• [Task brief]
Please set down each record exactly as it appears, but leave out any pictures.

(Extracted data entries)
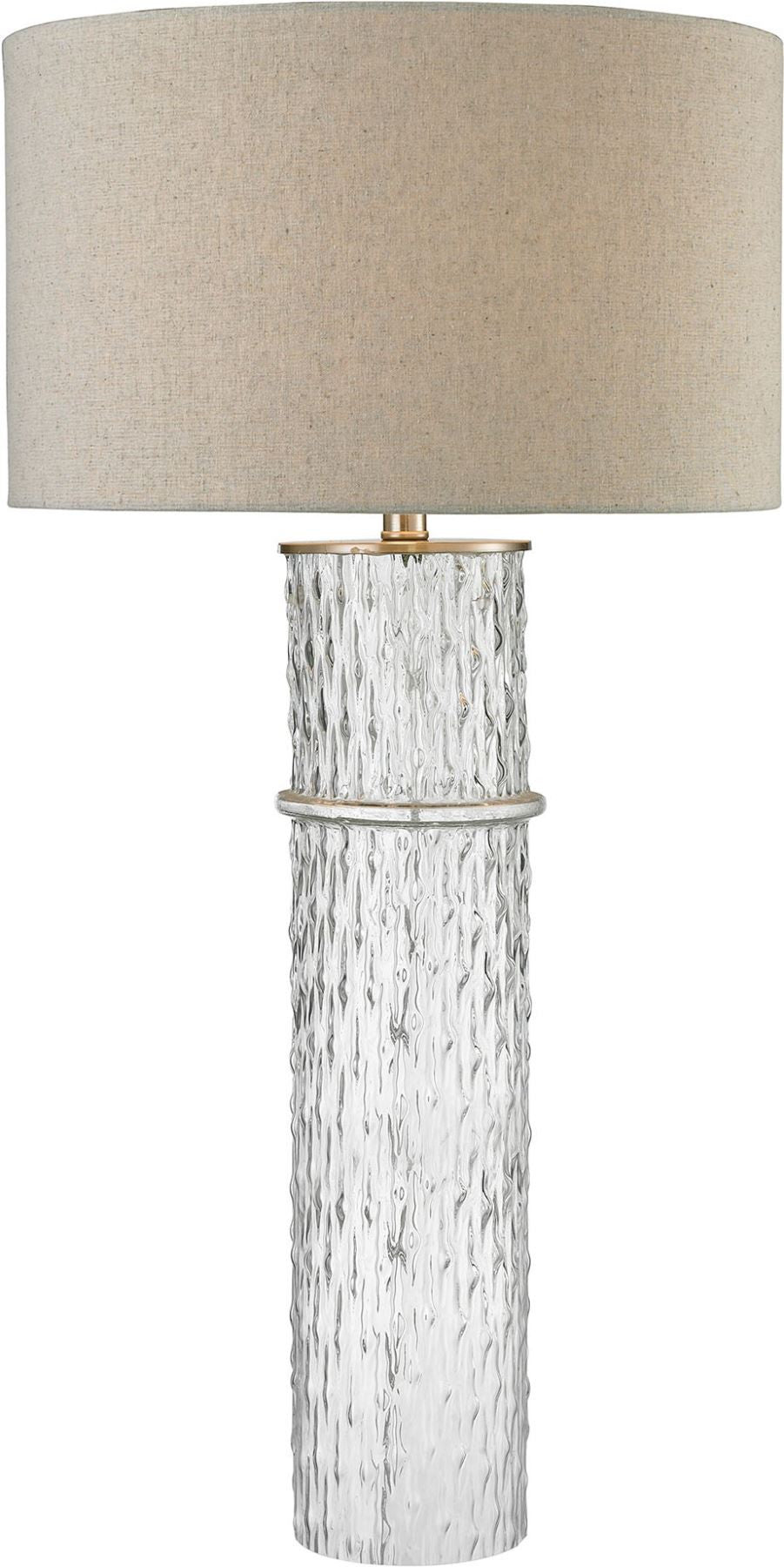 Two Tier Glass Table Lamp With Grey Linen Shade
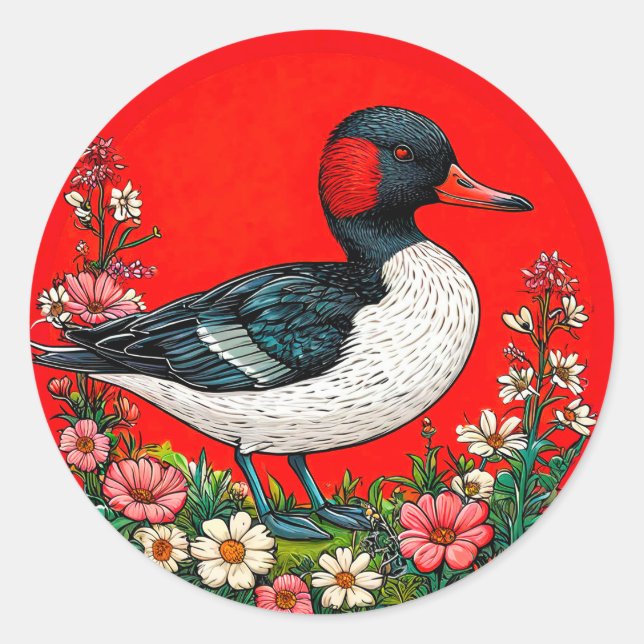 Sticker Rond Canard vibrant illustré (Devant)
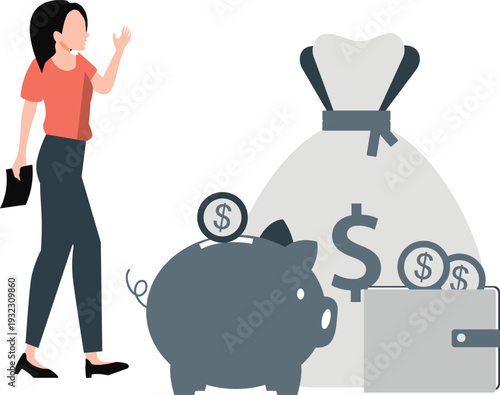 The girl is discuss about saving money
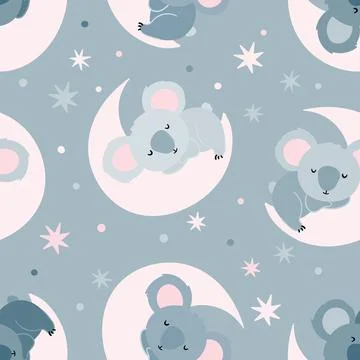 Cute koalas Seamless pattern Stock Illustration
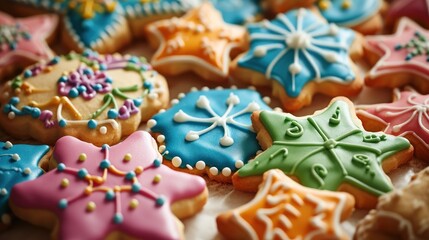  a close up of a bunch of cookies with icing on top of each and a snowflake on the top of the cookies on the bottom of the cookies. - obrazy, fototapety, plakaty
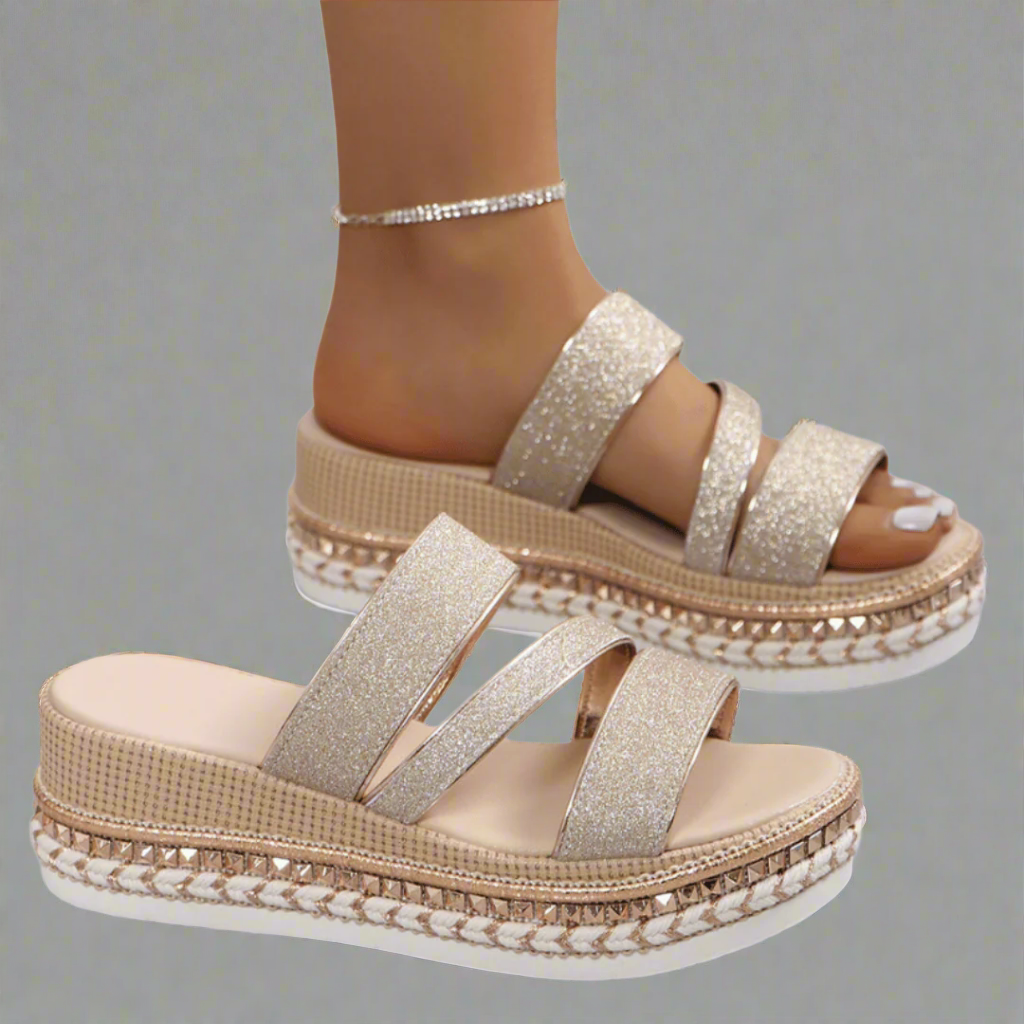 Helga | Sandálias Wedge Confortáveis de Material Premium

• [Task answer]
 Two Tier Glass Table Lamp With Grey Linen Shade
 Sticker Rond Canard vibrant illustré (Devant)
 The girl is discuss about saving money
 Cute koalas Seamless pattern Stock Illustration
  a close up of a bunch of cookies with icing on top of each and a snowflake on the top of the cookies on the bottom of the cookies. - obrazy, fototapety, plakaty
 Helga | Sandálias Wedge Confortáveis de Material Premium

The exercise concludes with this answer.